= Beginning of Section =

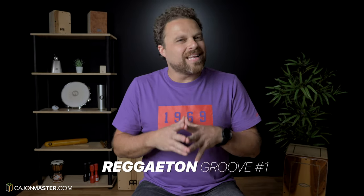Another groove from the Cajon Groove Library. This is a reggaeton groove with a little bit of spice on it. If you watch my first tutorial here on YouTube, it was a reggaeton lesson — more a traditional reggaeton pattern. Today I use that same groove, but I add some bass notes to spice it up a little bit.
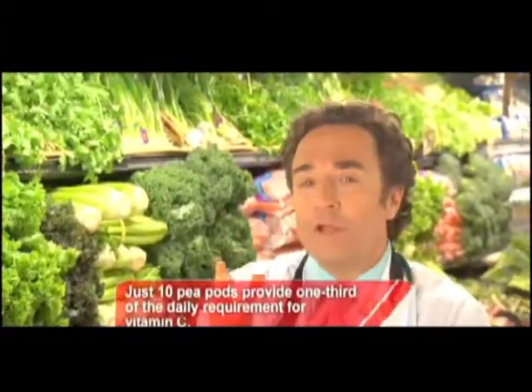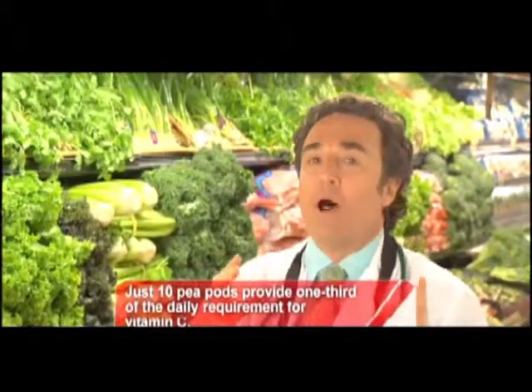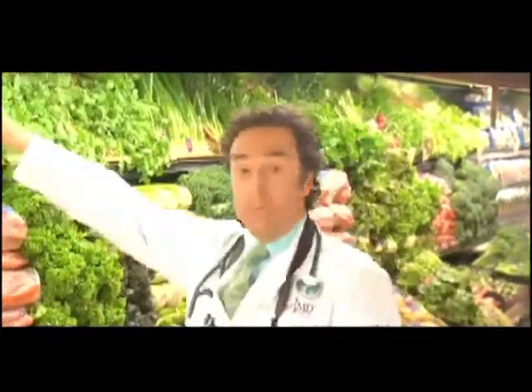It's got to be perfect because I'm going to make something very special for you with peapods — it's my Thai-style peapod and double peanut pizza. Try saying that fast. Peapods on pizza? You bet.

= End of Section =
= Beginning of Section =

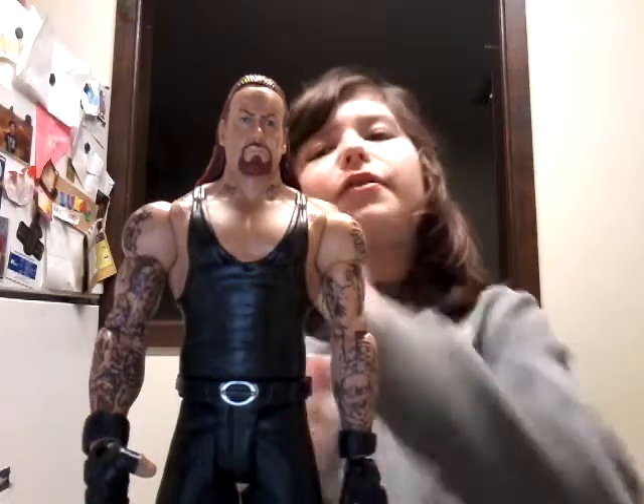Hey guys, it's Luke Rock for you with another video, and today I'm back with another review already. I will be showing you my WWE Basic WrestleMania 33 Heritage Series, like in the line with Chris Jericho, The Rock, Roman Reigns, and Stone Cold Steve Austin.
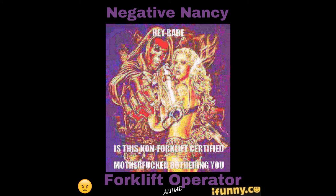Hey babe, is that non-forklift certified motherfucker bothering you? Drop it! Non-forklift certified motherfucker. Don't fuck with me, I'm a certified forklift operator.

= End of Section =
= Beginning of Section =

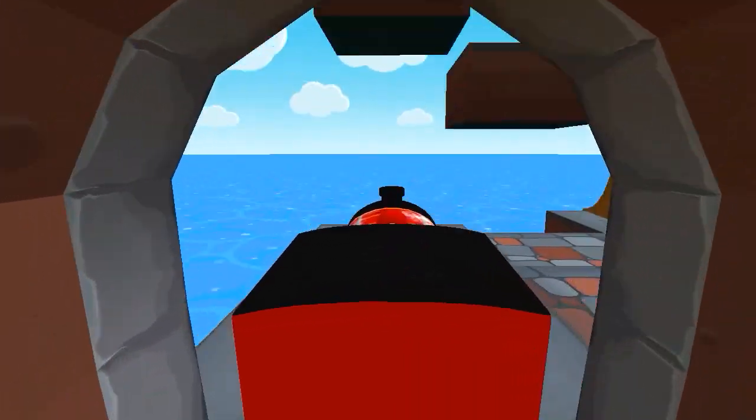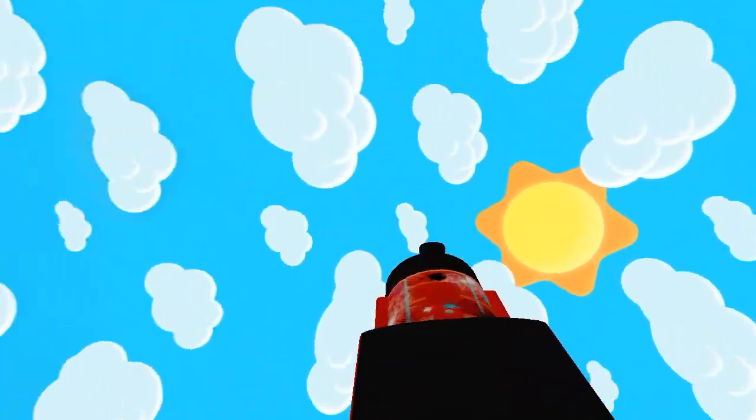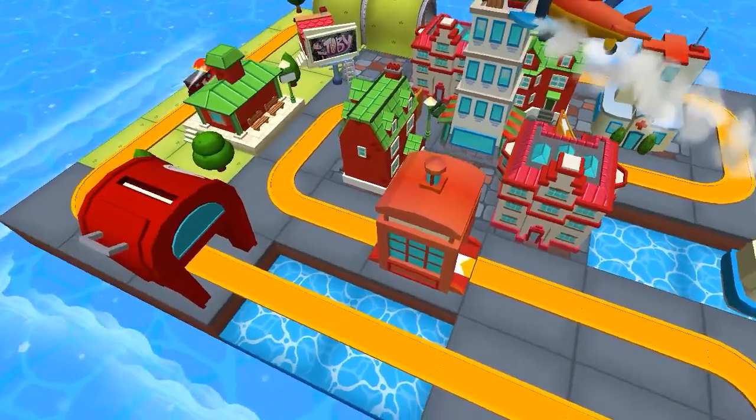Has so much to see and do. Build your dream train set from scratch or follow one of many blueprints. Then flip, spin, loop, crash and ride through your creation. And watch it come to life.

= End of Section =

[Requirement]
Return only the part above that opens with the line containing "Another groove from" and closes with the line containing "It's got to", exactly and with both ends, skipping the pictures.

[Completed exercise]
Another groove from the Cajon Groove Library. This is a reggaeton groove with a little bit of spice on it. If you watch my first tutorial here on YouTube, it was a reggaeton lesson — more a traditional reggaeton pattern. Today I use that same groove, but I add some bass notes to spice it up a little bit.
It's got to be perfect because I'm going to make something very special for you with peapods — it's my Thai-style peapod and double peanut pizza. Try saying that fast. Peapods on pizza? You bet.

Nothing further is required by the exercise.